• BRIEF:
Please reproduce all of the data below exactly, leaving each picture out.

• DATASET EXCERPT:
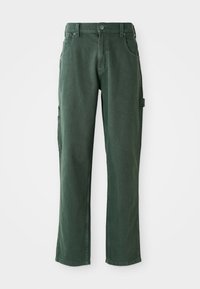 Green cargo pants made of cotton blend, featuring a straight-leg cut, pockets, and tonal stitching. Smooth texture with subtle sheen.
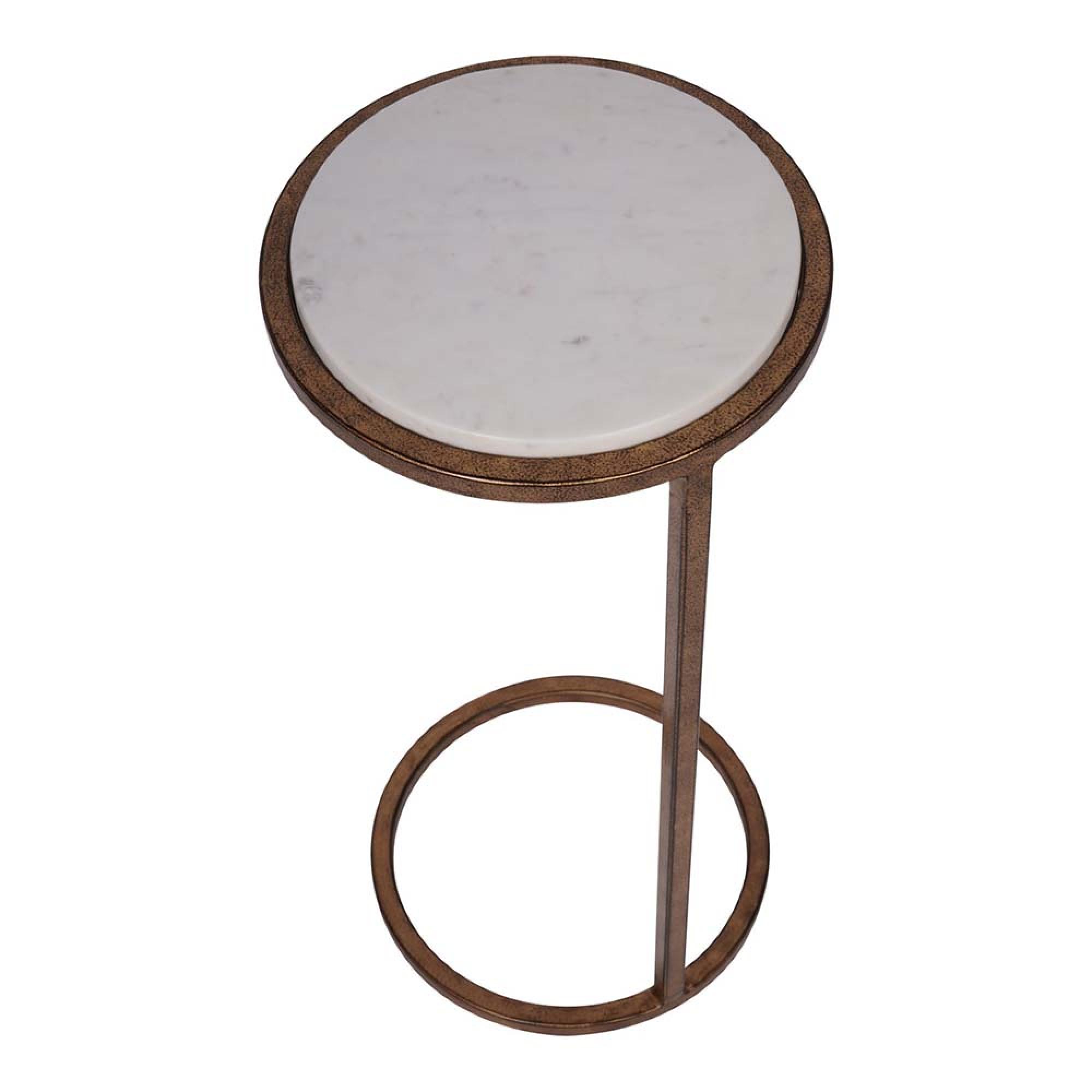 Product photograph of Libra Iota Accent Table White Banswara Marble from Choice Furniture Superstore.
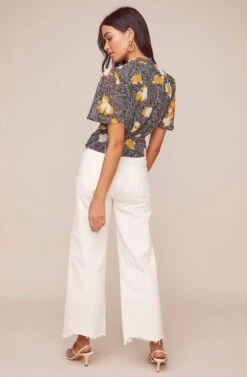Rosie Floral Crop Top -Astr The Label Shop ACT15910 BLACK MUSTARD FLORAL 3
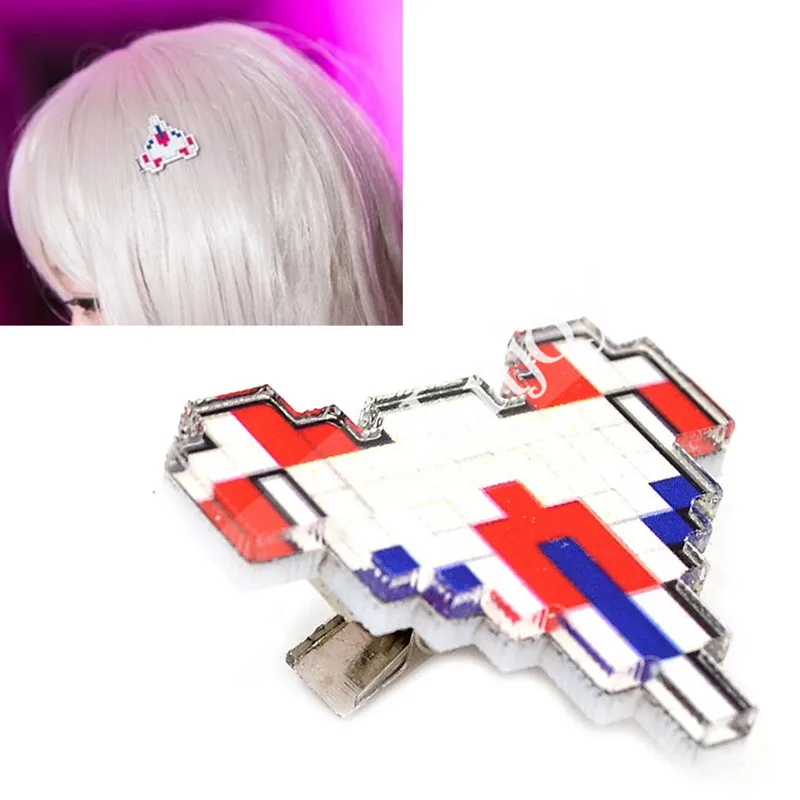Cosplay Danganronpa 2 Chiaki Nanami Small Plane Pixel Hairpin Hairpin Fashion Cartoon Headdress Cosplay Accessories Ladies Gifts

• OUTPUT FOR THIS EXERCISE:
 Green cargo pants made of cotton blend, featuring a straight-leg cut, pockets, and tonal stitching. Smooth texture with subtle sheen.
 Product photograph of Libra Iota Accent Table White Banswara Marble from Choice Furniture Superstore.
Rosie Floral Crop Top -Astr The Label Shop ACT15910 BLACK MUSTARD FLORAL 3
Cosplay Danganronpa 2 Chiaki Nanami Small Plane Pixel Hairpin Hairpin Fashion Cartoon Headdress Cosplay Accessories Ladies Gifts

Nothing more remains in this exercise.